文責:池田恵美子(NPO法人安房文化遺産フォーラム)


日本地図を逆さに見ると頂点にあたる館山は、明治から東京湾要塞の拠点となりました。関東大震災で隆起した館山湾を埋め立てて、一九三〇年に開かれた館山海軍航空隊は通称「陸の空母」と呼ばれ、艦上攻撃機パイロットの実戦訓練などがおこなわれていました。

〇戦跡保存の軌跡

館山市では一九八九年から市民による戦跡調査と平和教育の実践が始まり、公民館講座を通じて保存運動が広がりました。これを受けて行政当局では二〇〇二年に、「戦争遺跡保存活用方策に関する調査研究」に取り組みました。その報告書によると、将来文化財として保存活用が見込まれる戦跡は市内に四十七確認され、その大半はAランク(近代史を理解するうえで欠くことができない史跡)やBランク(特に重要な史跡)に評価されました。
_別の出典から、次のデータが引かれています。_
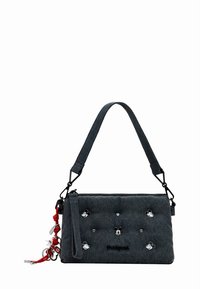 Sac à main gris texturé avec un design structuré, orné d'embellissements Mickey Mouse, une bandoulière amovible et des détails de logo.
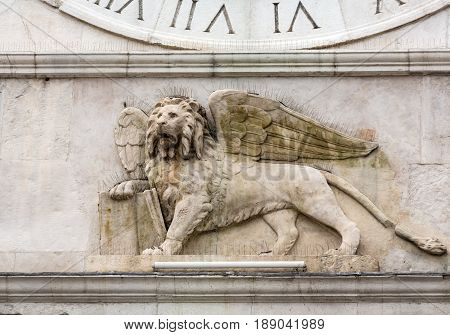 Clock tower building of medieval origins overlooking Piazza dei Signori in Padova Italy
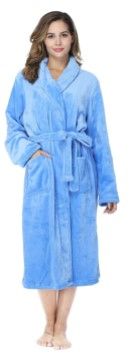 Photo 1 of RONGTAI Womens Bathrobe Ladies Fleece Plush Warm Long Robes Sapphire 
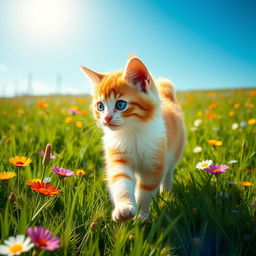 A cute little hyper-realistic cat walking gracefully in a lush green field under a bright blue sky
そこで、戦跡を組み入れた都市づくりの目標像として、「地域オープンエアーミュージアム・館山歴史公園都市」構想が示されました。市有地である赤山地下壕跡は、平和・学習拠点として整備され、二〇〇四年から一般公開が始まり、翌年には館山市指定史跡となりました。

〇謎の多い地下要塞

赤山地下壕は大半が素掘りで、網の目状に約一・六キロ掘られています。凝灰岩質砂岩の内壁には、美しい地層の模様と丁寧に掘られたツルハシの跡が鮮明に浮かび上がっています。建設時期について、市の文化財解説看板には「昭和十年代のはじめに、ひそかに建設がはじまったという証言もあります」とする一方で、「昭和十九年より後に建設されたのではないかと考えられています」と記されており、はっきりとした資料はありません。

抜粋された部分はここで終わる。